About this exercise:
With the images removed, repeat the data below exactly.

========

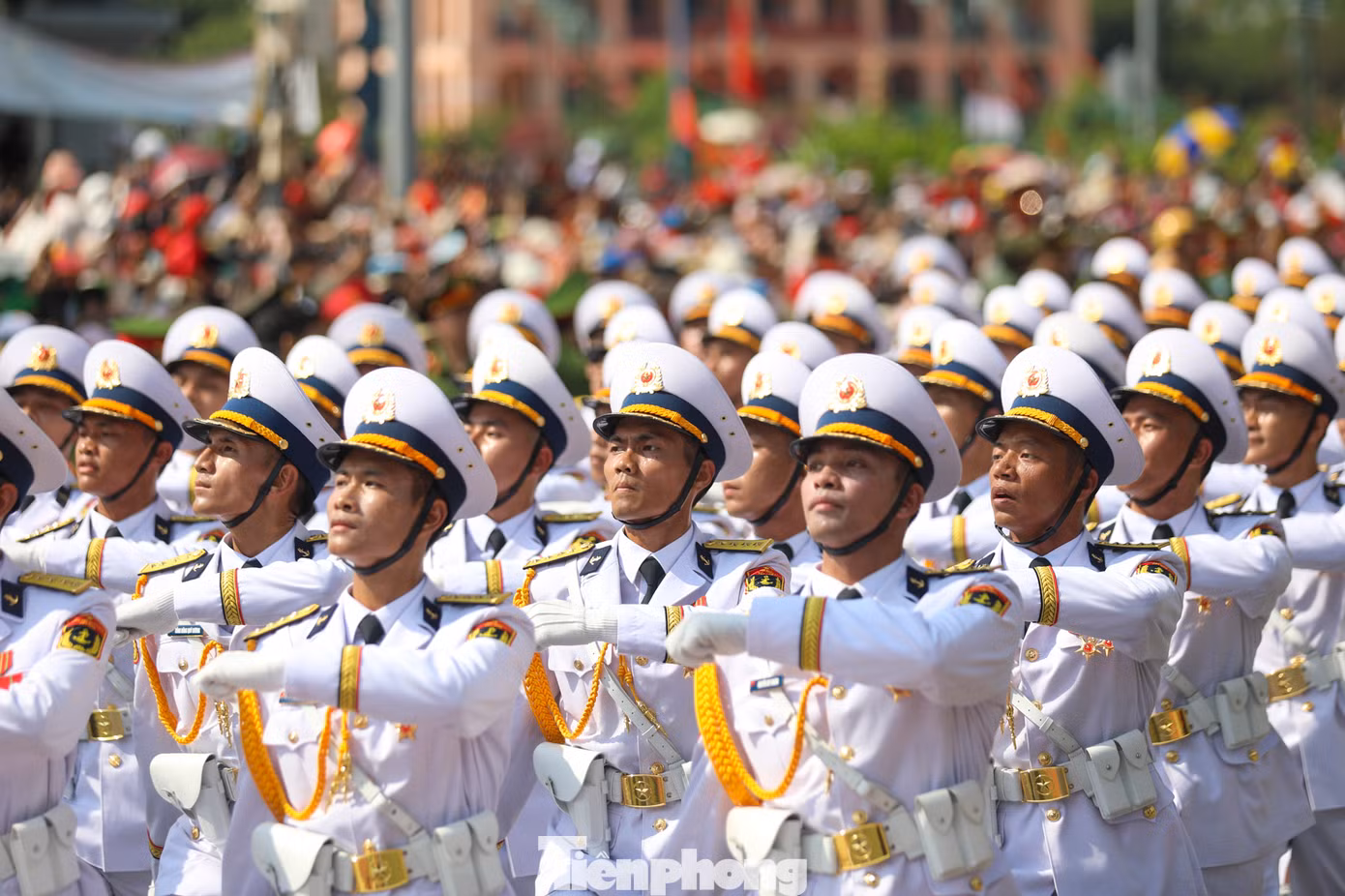 Các thành viên đội diễu binh, diễu hành được nhân dân nồng nhiệt chào đón. Ảnh: Duy Anh/ TPO.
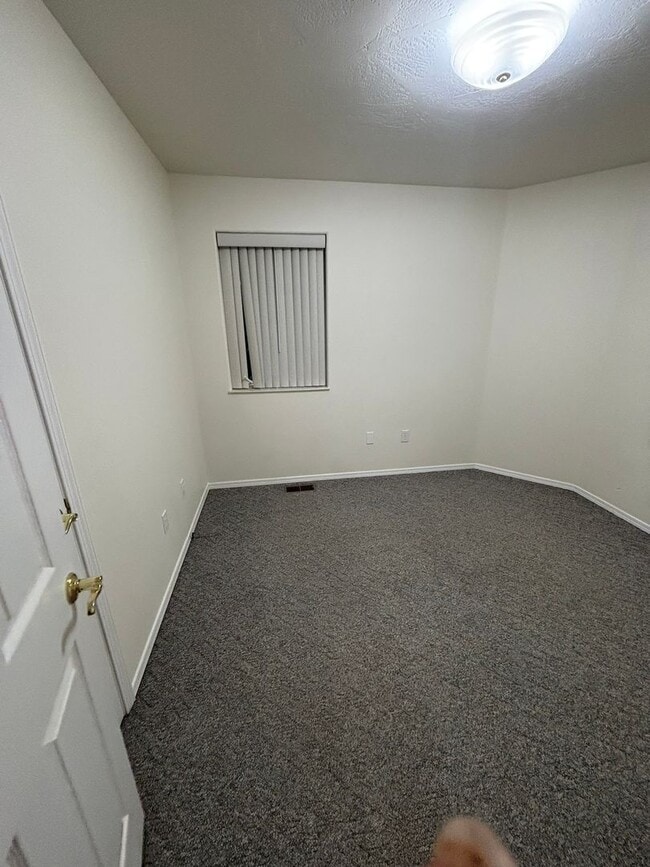 Building Photo - Spacious Pet-Friendly 3-Bedroom Duplex in Hayden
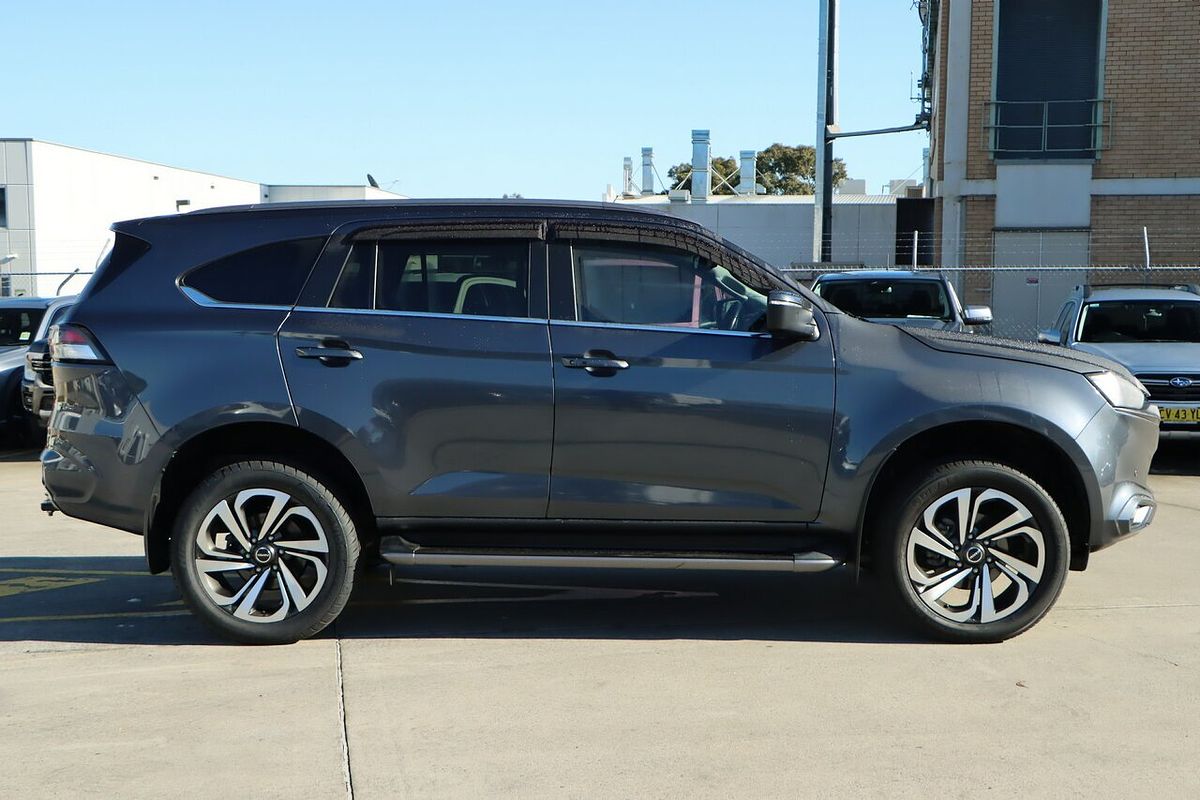 2021 Isuzu MU-X LS-T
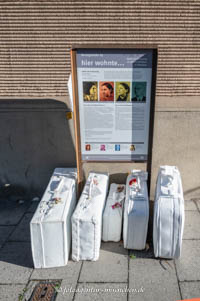Weiße Koffer - Herzogstraße 65 – Foto aus München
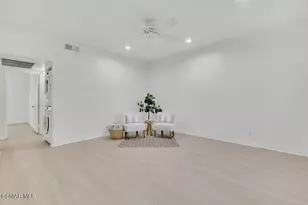 152 Maegan Pl, Thousand Oaks, CA 91362 - Photo 4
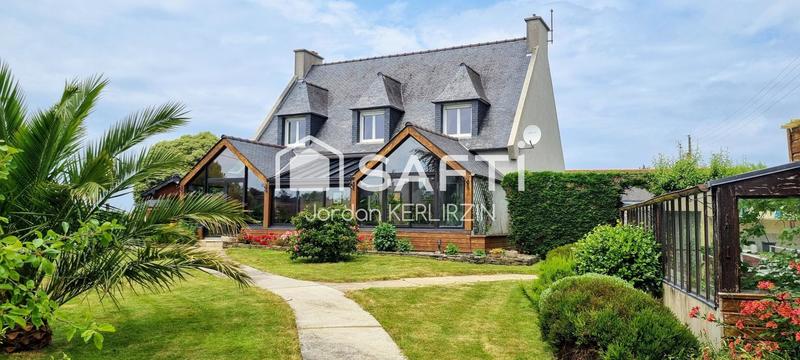 Maison - 283 m² - 13 pièces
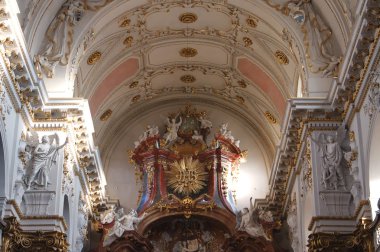 İç Prag, St. Ignatius Kilisesi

========

Expected answer:
 Các thành viên đội diễu binh, diễu hành được nhân dân nồng nhiệt chào đón. Ảnh: Duy Anh/ TPO.
 Building Photo - Spacious Pet-Friendly 3-Bedroom Duplex in Hayden
 2021 Isuzu MU-X LS-T
Weiße Koffer - Herzogstraße 65 – Foto aus München
 152 Maegan Pl, Thousand Oaks, CA 91362 - Photo 4
 Maison - 283 m² - 13 pièces
 İç Prag, St. Ignatius Kilisesi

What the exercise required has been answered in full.